**AIM OF THE TASK:**
Print word for word the records from the line containing "Video game controller. (Shutterstock Photo)" through the end.

**DATA EXCERPTS:**
* * *
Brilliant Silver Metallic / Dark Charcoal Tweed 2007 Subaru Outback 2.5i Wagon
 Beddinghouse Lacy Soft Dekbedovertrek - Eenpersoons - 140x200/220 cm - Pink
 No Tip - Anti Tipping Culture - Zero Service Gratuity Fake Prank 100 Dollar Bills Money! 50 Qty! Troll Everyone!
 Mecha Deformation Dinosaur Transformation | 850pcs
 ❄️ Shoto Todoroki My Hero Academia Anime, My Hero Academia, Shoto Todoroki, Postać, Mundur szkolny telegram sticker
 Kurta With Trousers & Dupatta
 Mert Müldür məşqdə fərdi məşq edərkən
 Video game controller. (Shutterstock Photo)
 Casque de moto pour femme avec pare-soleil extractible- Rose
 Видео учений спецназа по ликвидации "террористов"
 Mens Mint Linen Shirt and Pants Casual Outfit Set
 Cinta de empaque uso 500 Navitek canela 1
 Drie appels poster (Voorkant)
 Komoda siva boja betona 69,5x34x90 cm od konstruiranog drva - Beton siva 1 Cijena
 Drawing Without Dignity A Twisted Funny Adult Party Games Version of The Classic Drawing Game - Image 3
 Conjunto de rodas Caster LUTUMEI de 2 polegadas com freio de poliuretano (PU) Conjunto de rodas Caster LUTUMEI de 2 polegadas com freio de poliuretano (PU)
* * *
**ANSWER TO THIS EXERCISE:**
 Video game controller. (Shutterstock Photo)
 Casque de moto pour femme avec pare-soleil extractible- Rose
 Видео учений спецназа по ликвидации "террористов"
 Mens Mint Linen Shirt and Pants Casual Outfit Set
 Cinta de empaque uso 500 Navitek canela 1
 Drie appels poster (Voorkant)
 Komoda siva boja betona 69,5x34x90 cm od konstruiranog drva - Beton siva 1 Cijena
 Drawing Without Dignity A Twisted Funny Adult Party Games Version of The Classic Drawing Game - Image 3
 Conjunto de rodas Caster LUTUMEI de 2 polegadas com freio de poliuretano (PU) Conjunto de rodas Caster LUTUMEI de 2 polegadas com freio de poliuretano (PU)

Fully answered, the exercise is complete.